Size wise is hard to say. It depends on how well you can take advantage of mirroring. The actual function seems to be smaller than using drawExternalMask. A test sketch I just built using SpritesB::drawExternalMask came out to 7924 bytes, but with this drawBitmap it was 7472 bytes.
For my game, sometimes I can choose to mirror instead of choosing a different sprite frame at the same cost, and in those cases I get really nice savings wins. Other parts of my game I have to add more logic to decide when to mirror, and that logic eats into the savings. I’d estimate so far mirroring has saved me about 2k of space.
If someone benched this you’d likely find horizontal a little slower (that extra check inside the innermost loop will cost you something) and vertical WAY slower. Bit shifting is SUPER expensive on this platform.

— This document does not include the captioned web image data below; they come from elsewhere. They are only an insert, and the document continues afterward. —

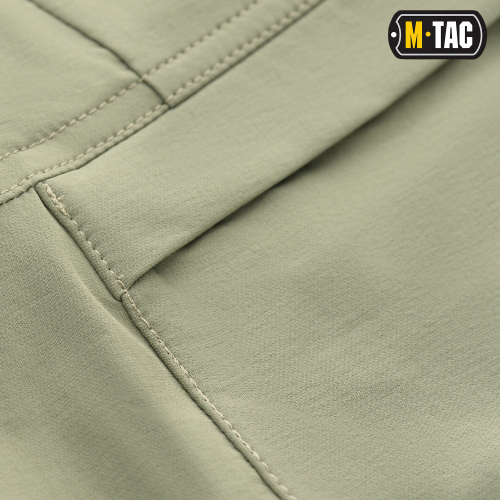 M-TAC БРЮКИ SAHARA FLEX FOLIAGE GREEN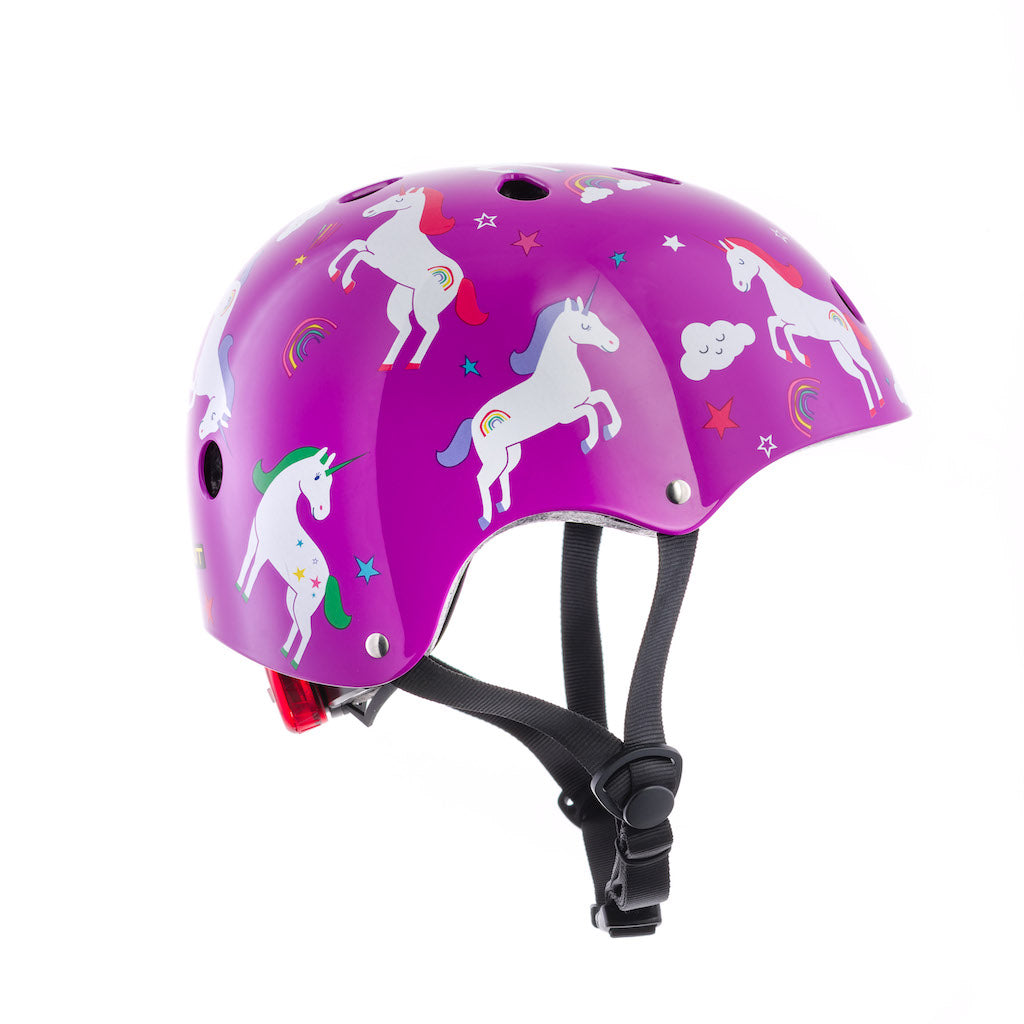 Hornit Unicorn Helmet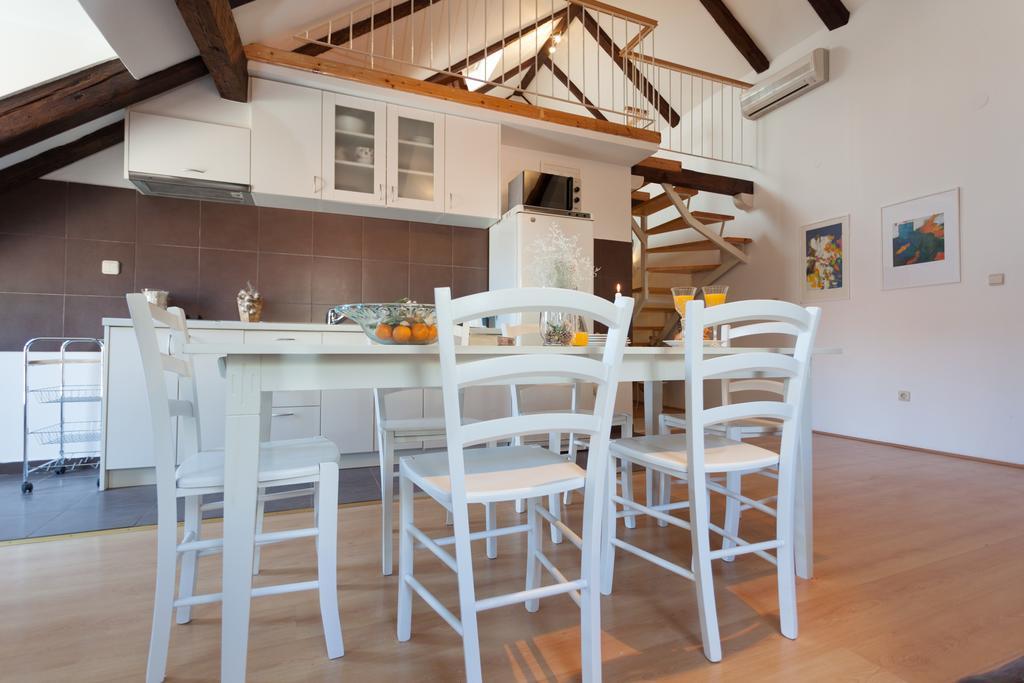 Apartmán Hedera Estate, Hedera A5 Dubrovník Pokoj fotografie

It might actually even be faster to write a bunch of IF/AND/OR code that just manually moved every single bit.
Of course if you have plenty of CPU to spare you wouldn’t actually notice any difference in your game - since you never actually “see” the rendering speed. In that case you’re paying with slightly less battery life since you’re using more of the CPU to get your rendering done. You would start to see a slowdown once you hit 100% CPU.
I dunno if the compiler is smart enough but in AVR assembly you can do this with a single cycle with SWAP which just reverses the nibbles of a byte. If the compiler isn’t doing this you’d improved this a LOT by dropping to inline assembler just for that single instruction.
Bit shifting on this platform at the assembler level becomes a for loop. So at the lowest level the CPU is doing:
for(i=4; i>0; i--)
value <<= 1
So that’s 2 for loops two ANDs, one OR… so easily 20+ CPU cycles vs a single cycle for a SWAP.